If his model is valid, then all psychopathology might be developmentally traceable to very few events. Fractal experiences can result in later, more elaborate "trees" of phenomena, all deriving from originally from a single cause. Such trees may not be evolutionarily flexible if there is a change in the fitness landscape. (Once there may have been one serotonin role; I understand from some rumor that we are up to 30 or 40 identified receptor types for 5-HT.)
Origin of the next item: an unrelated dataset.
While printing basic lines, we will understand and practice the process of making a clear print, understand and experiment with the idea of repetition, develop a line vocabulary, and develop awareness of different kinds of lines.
Fun stuff! Thanks for the inspiration!
NOTES:
1) Brody JF (1970) Behavioral effects of serotonin depletion and of p-chlorophenylalanine (a serotonin depletor) in rats. Psychopharmacologia, 17, 14-33. Demonstrated changes in behavioral reactivity to low intensity foot shock in active and passive avoidance tasks, as well as to taste, visual, and auditory stimuli. There were also increases in thirst as measured by ad lib drinking, a phenomenon attributed at the time to a direct effect of PCPA. However, I've also seen increased open field exploration after 5-HT depletion. It may be that cutting 5-HT availability makes a wide range of Psychological Adaptations more likely to be expressed. There were several studies demonstrating increased breeding or aggression when PCPA was given. It may be that "instinctive" responses of any sort become more probable, less inhibited, as a function of the eliciting situation as well as 5-HT depletion. Put a rat in a breeding situation, cut his 5-HT, and he may be more likely to have sex; put the same rat with a dominant male and get a fight.
"Naturally," there will be substantial interactions with the animal studied as well as with various strains of animal. Oakley Ray built a large scientific following by putting 6 different strains of rat in the same training situation or with the same drug manipulation and getting 6 different acquisition or extinction curves. I once had a friend who was impervious to morphine; so was her father as he discovered in combat in the Philippines.
The human application of all this stuff is tenuous. I linked my '70 work to observations by Jouvet that implicated 5-HT in sleep regulation. I argued that a continuum exists for reactivity to external stimulation. Even when apparently awake, we can seem more alert to our outer world and less so to our inner preoccupations (cut 5-HT and get fewer obsessions!). Deprive most of us of sleep for the right period and watch reactivity increase.
2) Kauffman S. (1995) At Home in the Universe: The Search for the Laws of Self-Organization and Complexity. NY: Oxford.